Poor old Don Quixote. Not only is he afflicted by chaotic, fractious delusions that mark him out as a 17th-century sufferer of senile dementia, but despite being the titular protagonist, he stumbles about on the edges of the action. The real heroes of the Petipa-Gorsky ballet are Kitri and Basilio, from one of the countless subplots in Cervantes' picaresque novel. And yet Don Quixote's complexity demands a character artist of real power. Of the present Royal Ballet incumbents, Christopher Saunders cuts an unexpectedly robust figure, so that although he conveys the Don's feudal dignity, he lacks the pathos of a confused and querulous old man. The best so far is Luke Heydon – but then, he's getting better and better at playing elderly gents. He's also strong on comedy, and slots smoothly into the alternative role of the foppish, rich Gamache, the suitor for Kitri who is backed by her father. Here, Heydon opts for broadly delineated snobbish outrage, although young Joshua Tuifua's quieter reading is almost as effective.
The Don and Gamache are just two figures in a tapestry seething with vivid individuals. Lorenzo, Kitri's innkeeper father, is perfectly portrayed by David Drew, who gives weight to every gesture and whose unbridled relief at Basilio's supposed demise is pricelessly funny. By contrast, Sancho Panza is a problem in this staging, with no one yet able to transform the roly-poly antics into anything remotely funny.
There is also an important clutch of featured dance roles, such as Espada, the matador, whose brilliant Spanish-classical choreography needs more panache than the dancers plucked from the junior ranks have so far managed.
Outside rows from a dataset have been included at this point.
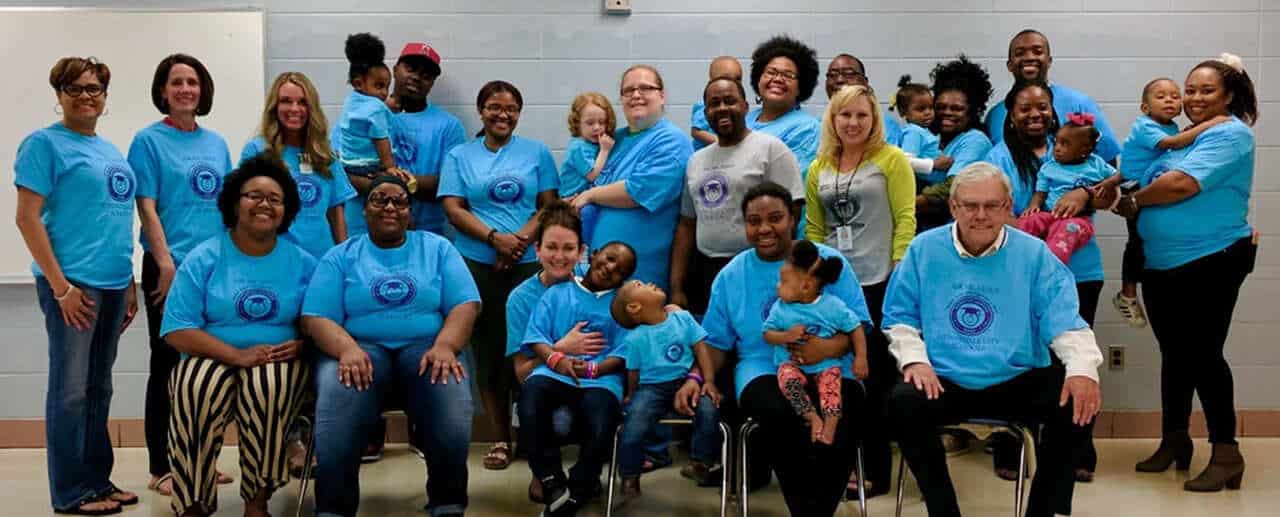 A diverse group of adults and children, many wearing matching blue T-shirts, pose together in a classroom setting. Some are seated while others stand behind them, smiling at the camera.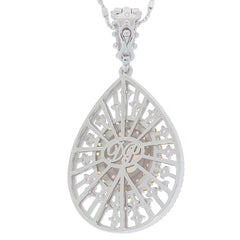 Elegant sterling silver pendant in a teardrop shape featuring intricate filigree design and a stunning gemstone.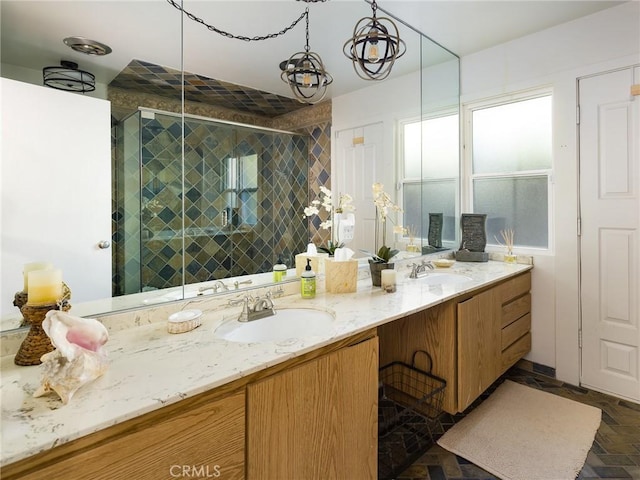 bathroom featuring vanity and a shower with shower door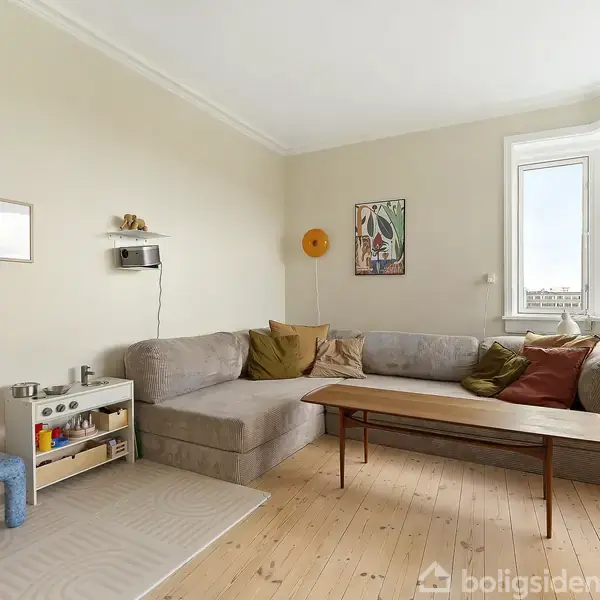 En grå hjørnesofa med mange puder står i en lys stue med lyse vægge. Et træbord står foran sofaen. Der er billeder og en hylde på væggene.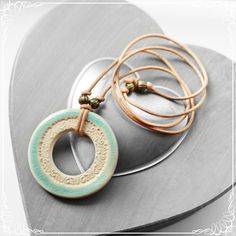 two necklaces are sitting on top of a metal plate and one has a circular pendant with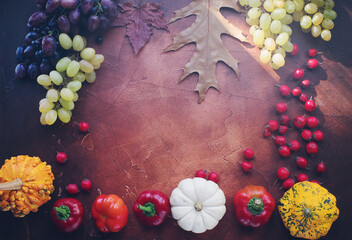 Seasonal composition with pumpkins, grapes, autumn leaves, ripe fruits and vegetables on rustic brown table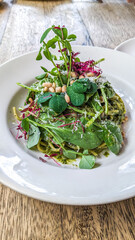Green pesto pasta spaghetti garnished with basil leaf served on a white plate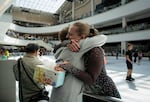 Stephanie Winningham, right, hugs Jenny Gilmore Robinson on the last open day of the Lloyd Center in Portland, Ore., on Aug 8, 2026. Both are part of a tight-knit skating community that lobbied to try and save it.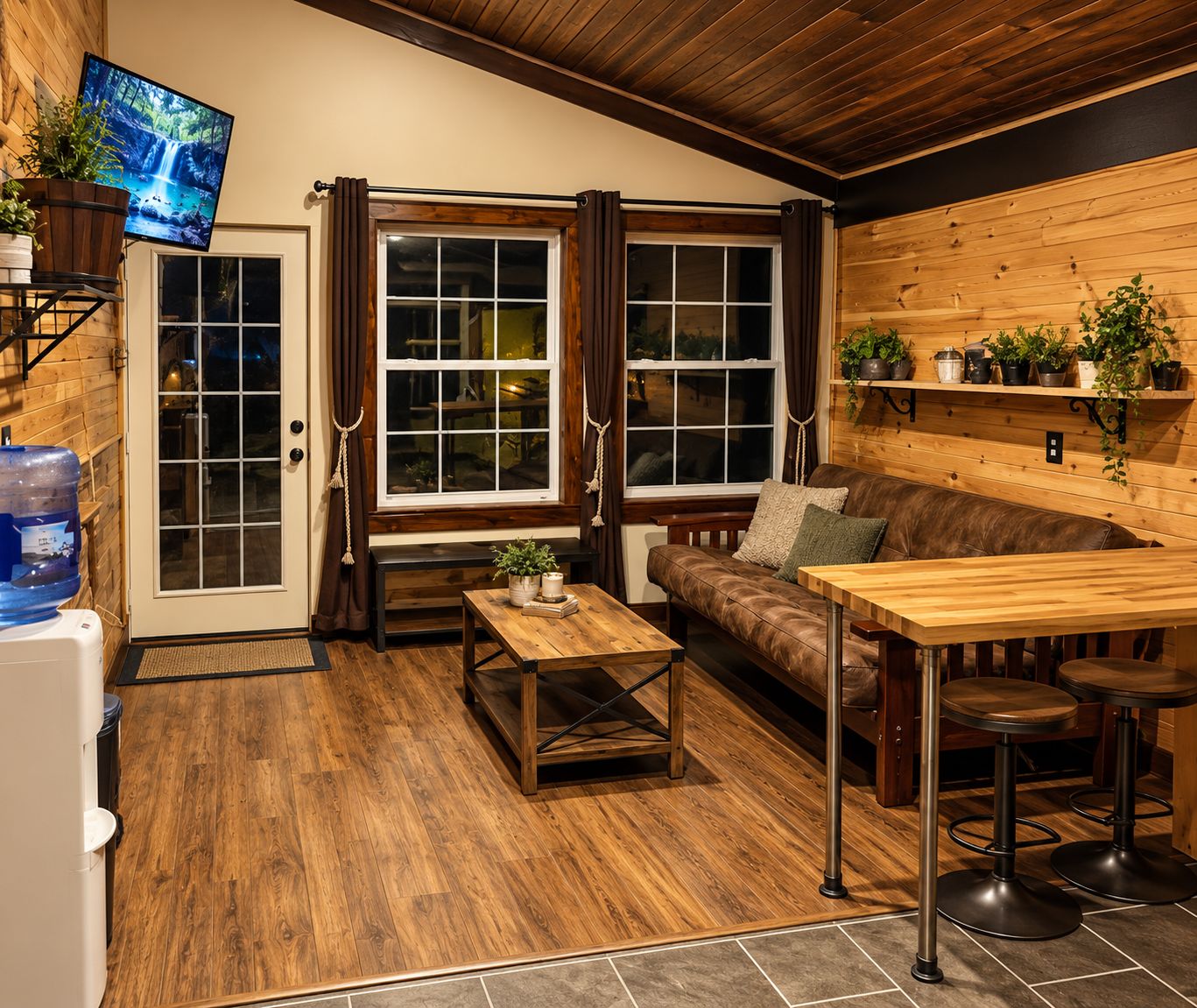 A cozy interior with a wooden bench, a small table, and a bar area with stools.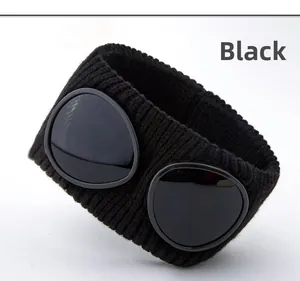 Detail view of black knit headband with stylish goggle lenses and textured acrylic weave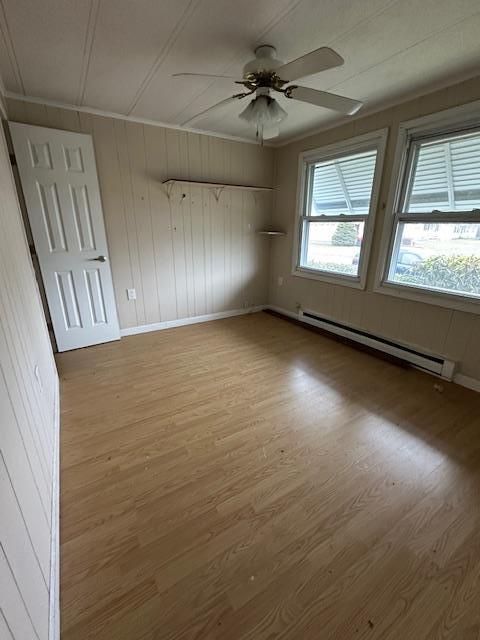 spare room with a ceiling fan, wood finished floors, baseboards, and baseboard heating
In the vision scene, the Queen of the Dryads' elegant contours are shaped with ideal amplitude by Zenaida Yanowksy, and Amour, pert and pretty, is danced with lovely musical phrasing by Laura Morera, whose rubato flourishes also bring cachet to the final act's bridesmaid. Equally, this is a ballet of showpiece group dances that glitter, and it was heartening to see the company in such taut form.
And so to Kitri and Basilio, both feisty, both flirtatious, but both deadly serious about their love for each other. Following the first-night cast came Marianela Nuñez, who gleamed as Kitri rather than fizzed, but was still irresistible and assured. She had the benefit of Carlos Acosta, the most dazzling of the scheduled Basilios. It must be Acosta's Cuban blood, but Basilio could have been tailor-made for his comic timing, outgoing personality and unbelievable dancing. He performed aerial display steps that we'd never ever seen before, so monumental we ended up laughing. He finished his spiralling turns and landings with a touch-tone control decelerating into a floor-caressing halt.
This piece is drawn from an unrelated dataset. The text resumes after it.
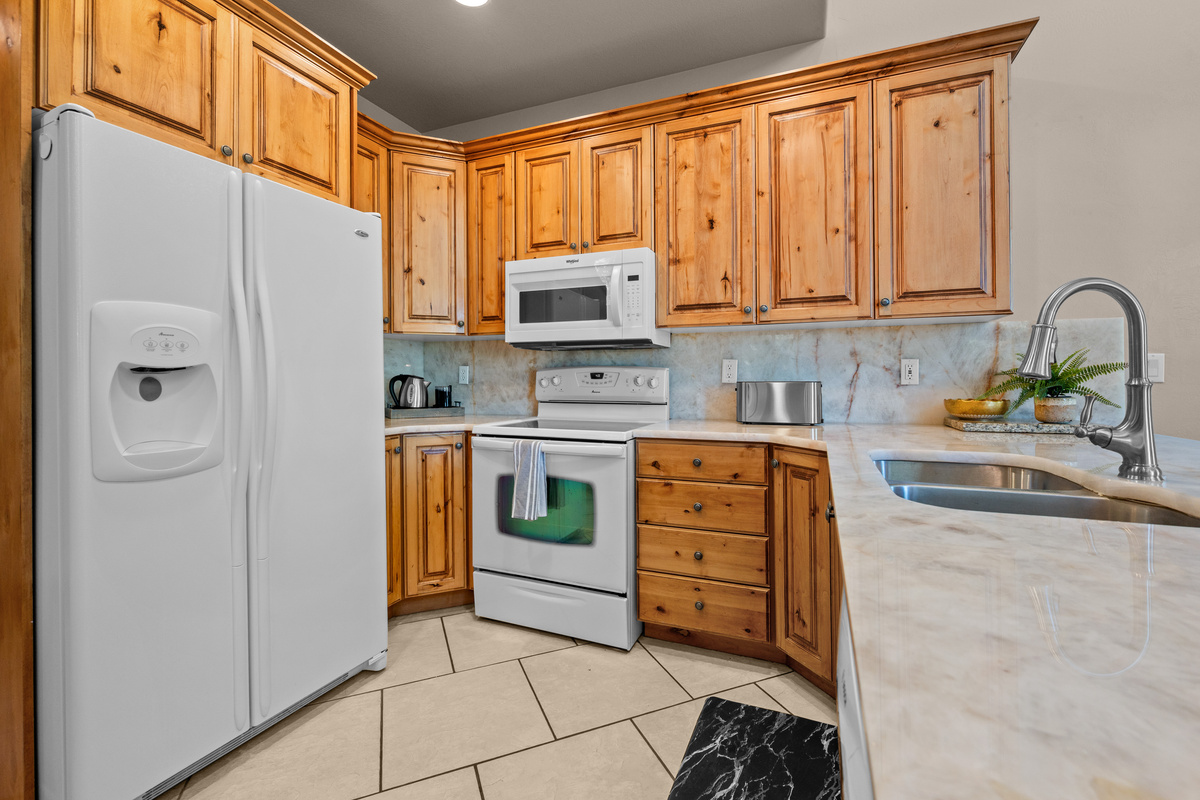 The fully equipped kitchen offers warm wood cabinetry, generous counter space, and everything you need to prepare meals and gather with family and friends during your mountain getaway.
By contrast, young Ivan Putrov, paired with Alina Cojocaru, has some way to go. He looks the boy that he is – slender, long-legged, wonderfully light, but needing more control and presence. Cojocaru, though, proves again she has skills beyond her years. She may have an elfin physique, but her dance spans great segments of space. She can rev up into coruscating speed. She can freeze mid-phrase into a balance so secure it's like a snapshot. Her status in the Royal Ballet is not just as their newest principal, but as a major star.